DATA FOR REVIEW =
=== Section Start ===

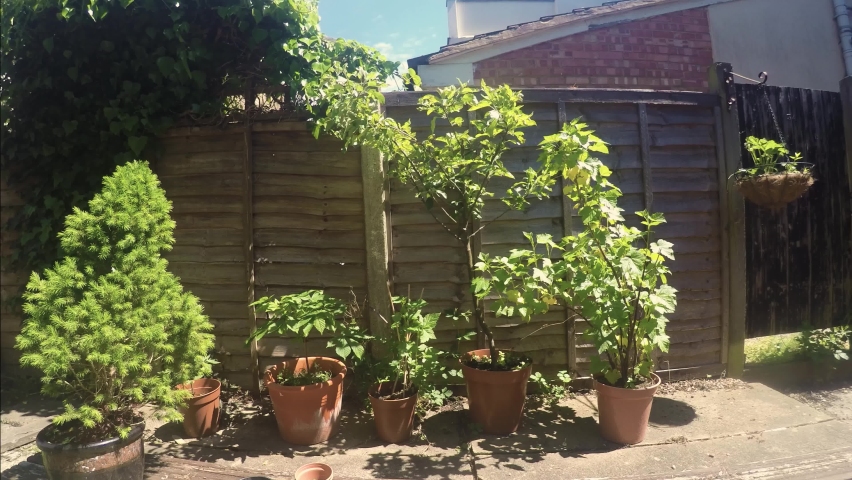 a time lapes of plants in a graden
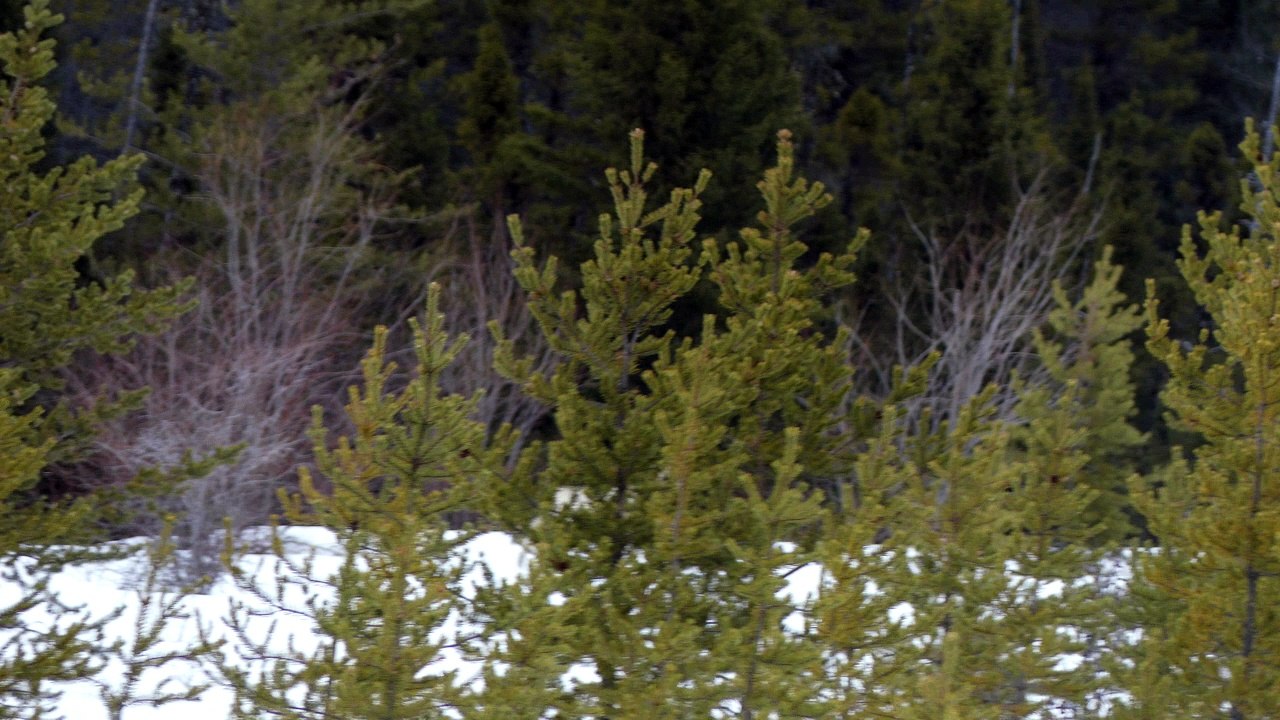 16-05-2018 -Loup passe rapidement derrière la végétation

=== Section End ===
=== Section Start ===

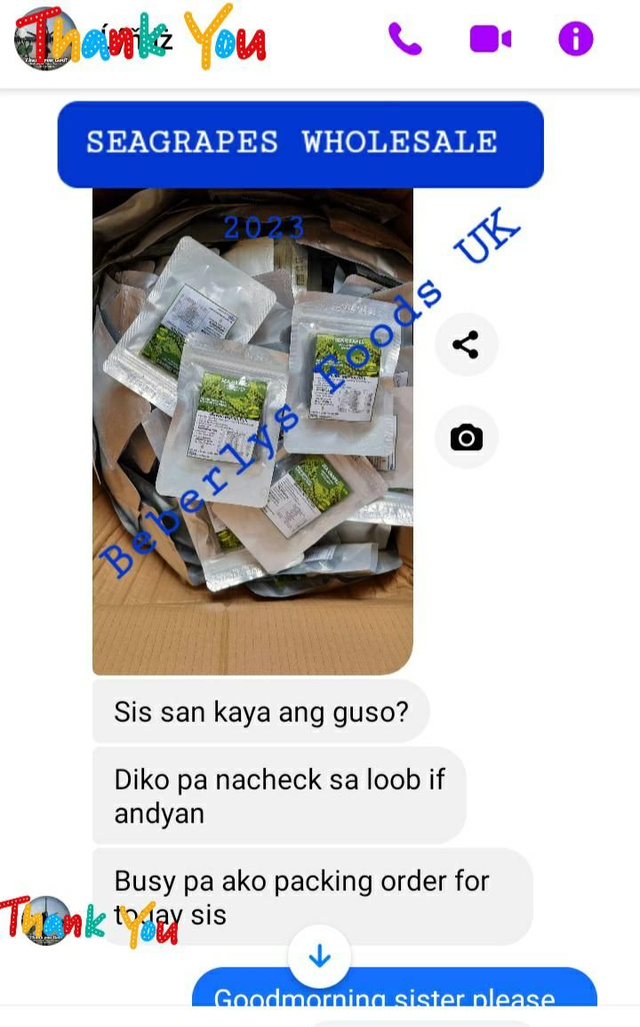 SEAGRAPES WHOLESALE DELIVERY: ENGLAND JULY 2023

=== Section End ===

THE PROBLEM = Your reply should consist solely of the lines above from the line containing "a time lapes of plants in a graden" up to and including the line containing "16-05-2018 -Loup passe", reproduced exactly, minus the pictures.

TASK SOLUTION =
 a time lapes of plants in a graden
 16-05-2018 -Loup passe rapidement derrière la végétation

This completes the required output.